By Euler's identity, $$e^{i\theta}=\cos\theta+i\sin\theta$$ And so if we let $$\phi=e^{i\theta}=\cos\theta+i\sin\theta$$ Then we have $$\phi=e^{i\theta}$$ $$\theta=\frac{\ln\phi}{i}$$ $$\theta=-i\ln\phi$$ and $$\phi=\cos\theta+i\sin\theta$$ and, using an inversion formula that I explained in my question here, $$\theta=\arcsin\frac{\phi}{\sqrt{1^2+i^2}}-\arcsin\frac{1}{\sqrt{1^2+i^2}}$$ $$\theta=\arcsin\frac{\phi}{\sqrt{1-1}}-\arcsin\frac{1}{\sqrt{1-1}}$$ $$\theta=\arcsin\frac{\phi}{0}-\arcsin\frac{1}{0}$$ and so it seems that $$-i\ln\phi=\arcsin\frac{\phi}{0}-\arcsin\frac{1}{0}$$ Is there any meaning in this whatsoever? Why does this happen when I try to manipulate Euler's formula?

Answer 1

Your problem resides in taking the $\ln$ of a complex exponential. You assert that $e^{i \theta} = \phi$, but notice that:

$$e^{i \tau} = e^{2 i \tau} = e^{3 i \tau} = ... = 1$$

(I use $\tau = 2 \pi$). This shows that the complex exponential is not a one-to-one function, and so you can't just take its inverse with $\ln$. Thus your assertion that:

$$ \theta = \frac{\ln \phi}{i}$$

May not be true.

[EDIT:] In regards to why you obtain a division by zero inside your $\arcsin$, the issue lies in the derivation of your formula for inverting $a \cos x + b \sin x$.

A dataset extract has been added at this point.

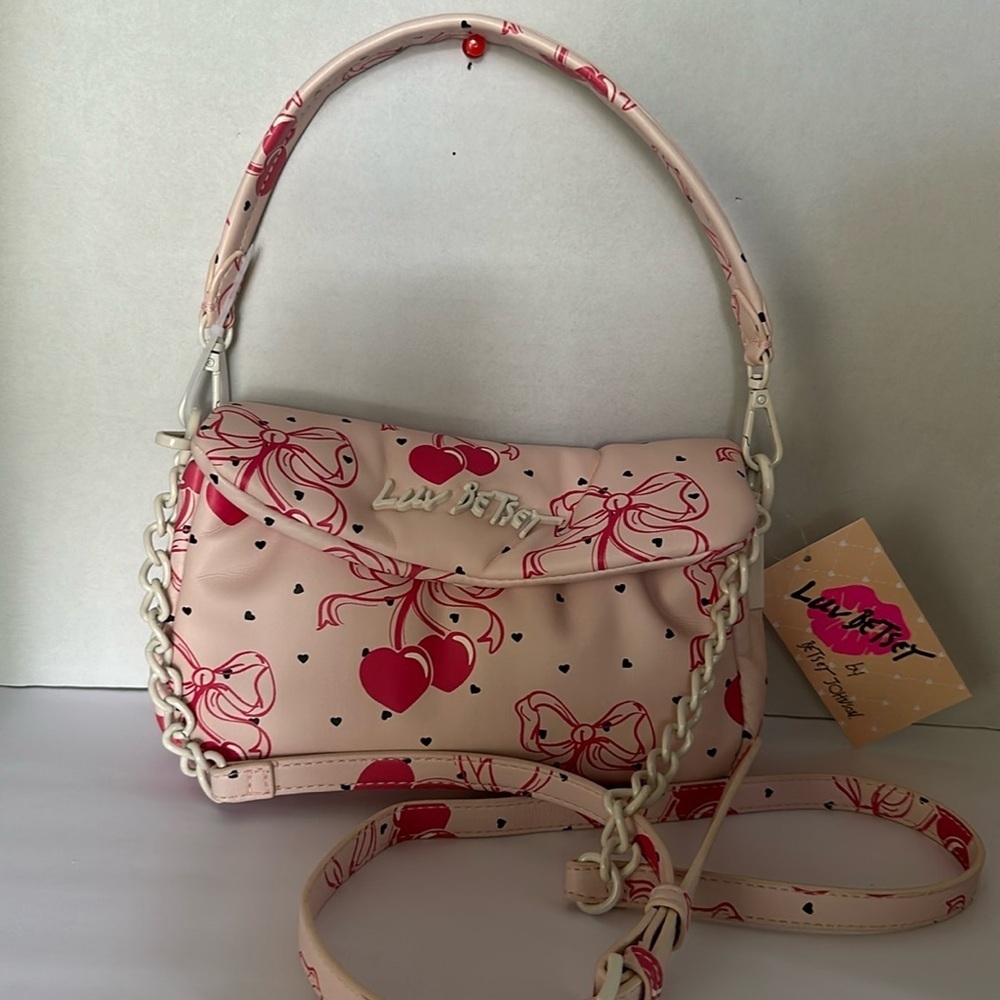 Luv Betsey by Betsey Johnson Pink Bow Cherries Hearts Crossbody Bag - Picture 7 of 16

In your question that you referenced, you multiply and divide your equation by $\sqrt{a^2 + b^2}$. In this case, since $a^2 + b^2 = 0$, you're dividing by $0$, which isn't allowed. You may have to find a different way to get an inverse while avoiding dividing by zero.